◆ INSTRUCTIONS TO FOLLOW ◆
The data must be given again exactly as written, with all images omitted.

--

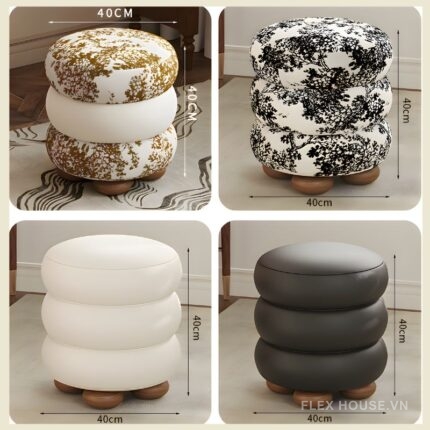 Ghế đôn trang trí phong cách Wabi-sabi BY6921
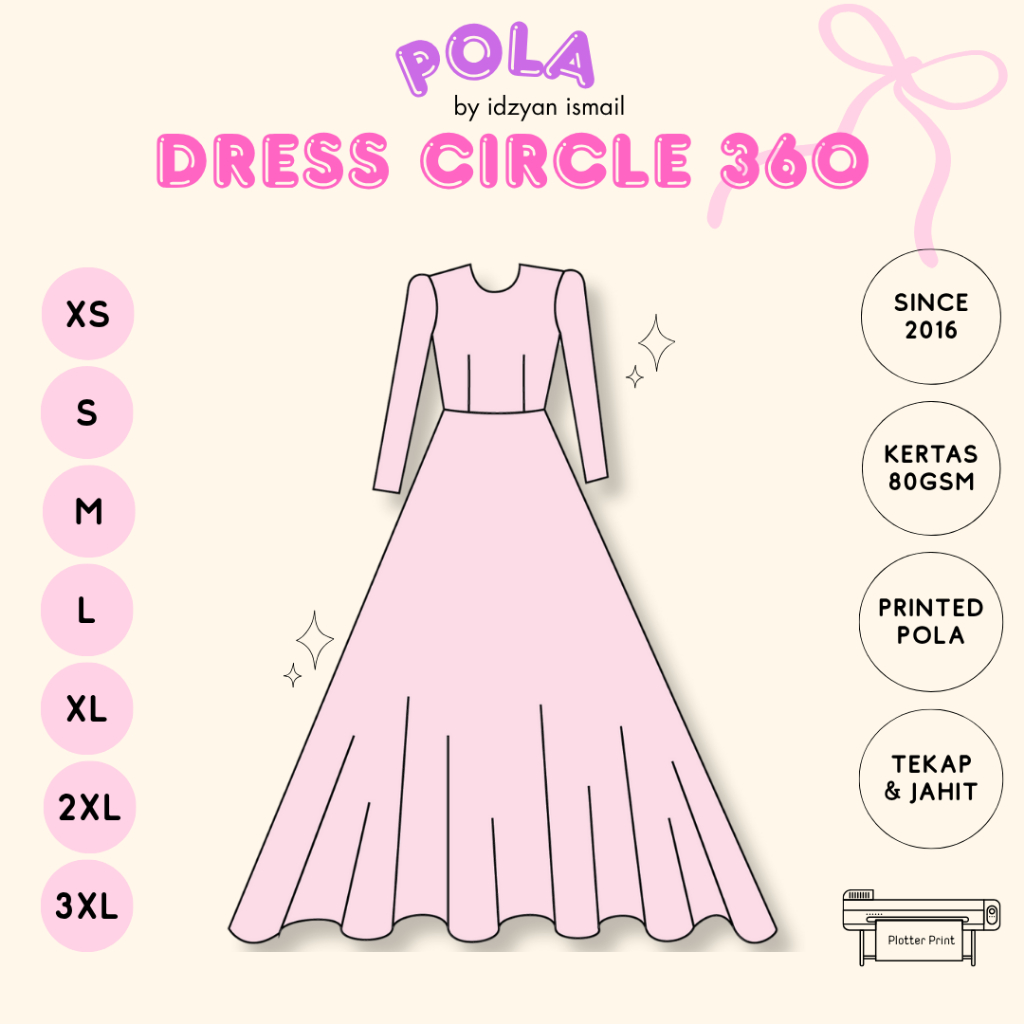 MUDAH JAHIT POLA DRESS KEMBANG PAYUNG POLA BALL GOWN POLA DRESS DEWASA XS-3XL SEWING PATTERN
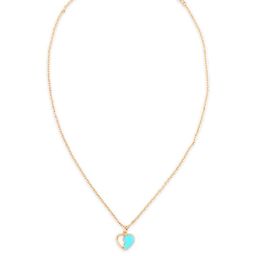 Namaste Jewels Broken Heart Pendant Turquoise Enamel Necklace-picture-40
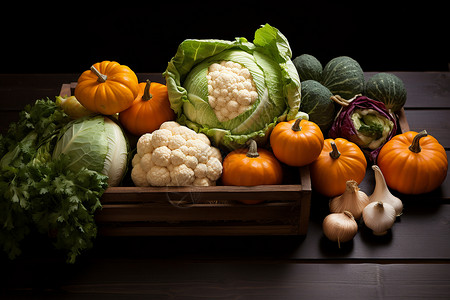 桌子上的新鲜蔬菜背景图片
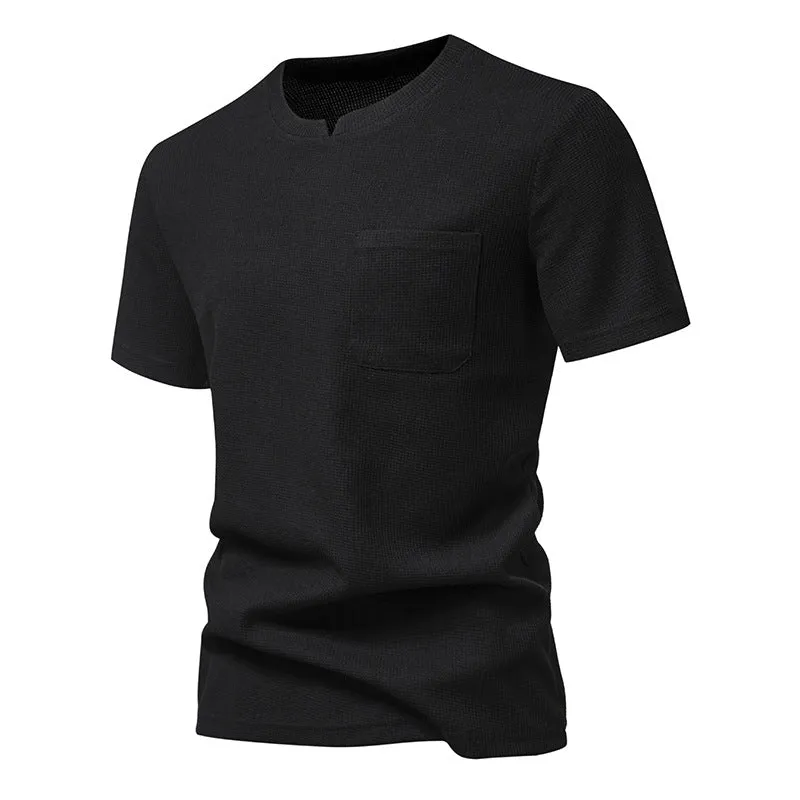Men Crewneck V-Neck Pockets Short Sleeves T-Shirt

--

◆ RESULT ◆
 Ghế đôn trang trí phong cách Wabi-sabi BY6921
 MUDAH JAHIT POLA DRESS KEMBANG PAYUNG POLA BALL GOWN POLA DRESS DEWASA XS-3XL SEWING PATTERN
 Namaste Jewels Broken Heart Pendant Turquoise Enamel Necklace-picture-40
 桌子上的新鲜蔬菜背景图片
Men Crewneck V-Neck Pockets Short Sleeves T-Shirt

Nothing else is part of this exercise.